REQUIREMENT — Only the lines from the one holding "Centros comunitarios no" through the end of the material are to be repeated, exactly and without pictures.

INFORMATION PROVIDED —
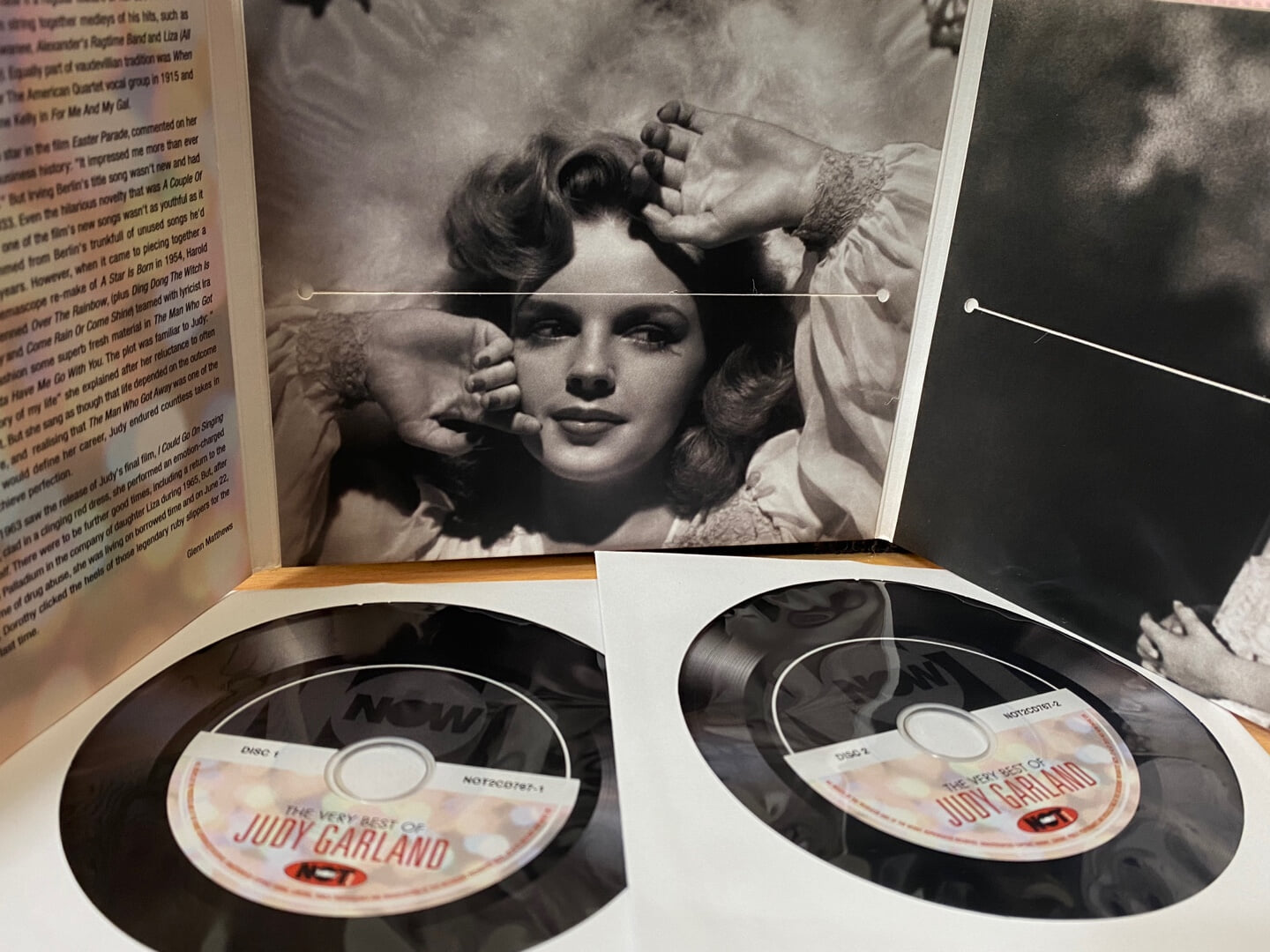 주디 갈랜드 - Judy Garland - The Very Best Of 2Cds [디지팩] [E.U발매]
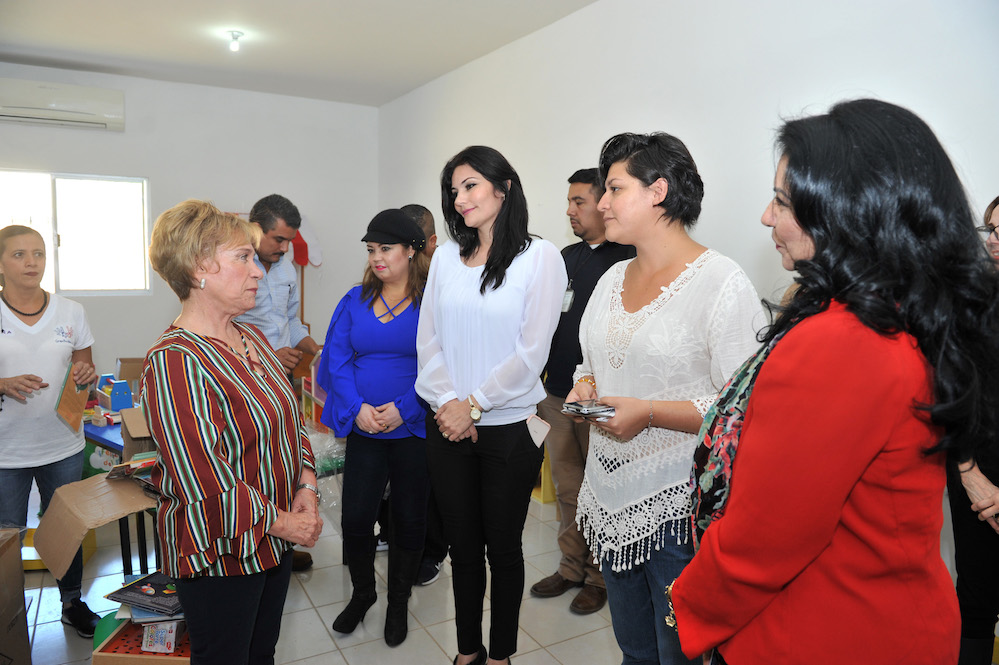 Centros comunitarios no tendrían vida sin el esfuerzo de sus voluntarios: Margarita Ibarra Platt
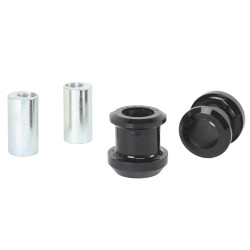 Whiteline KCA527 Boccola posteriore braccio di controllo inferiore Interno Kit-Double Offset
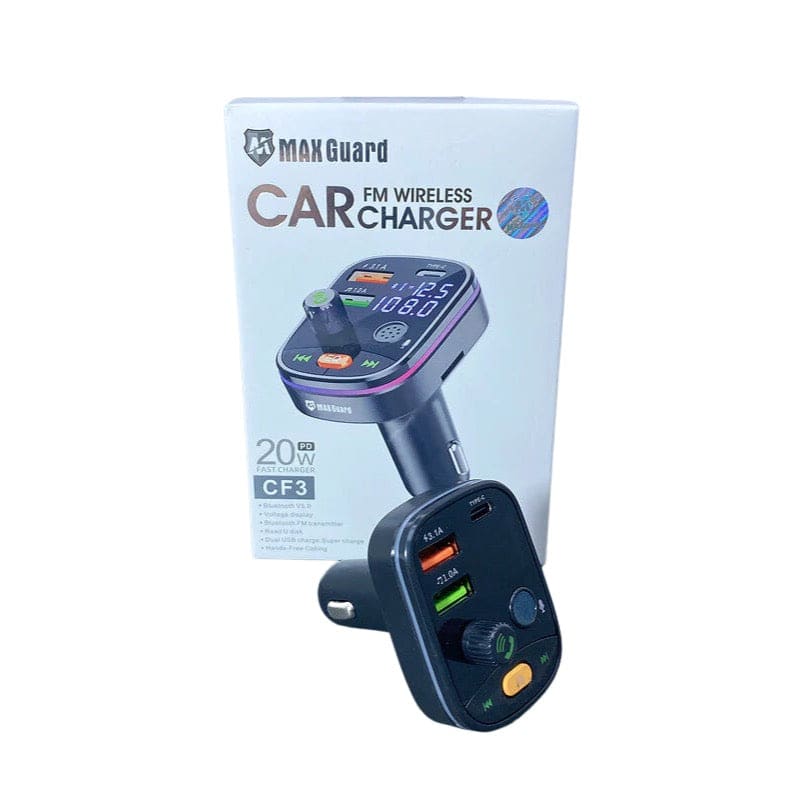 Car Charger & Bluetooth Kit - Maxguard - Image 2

ANSWER FOR THIS EXERCISE —
 Centros comunitarios no tendrían vida sin el esfuerzo de sus voluntarios: Margarita Ibarra Platt
 Whiteline KCA527 Boccola posteriore braccio di controllo inferiore Interno Kit-Double Offset
 Car Charger & Bluetooth Kit - Maxguard - Image 2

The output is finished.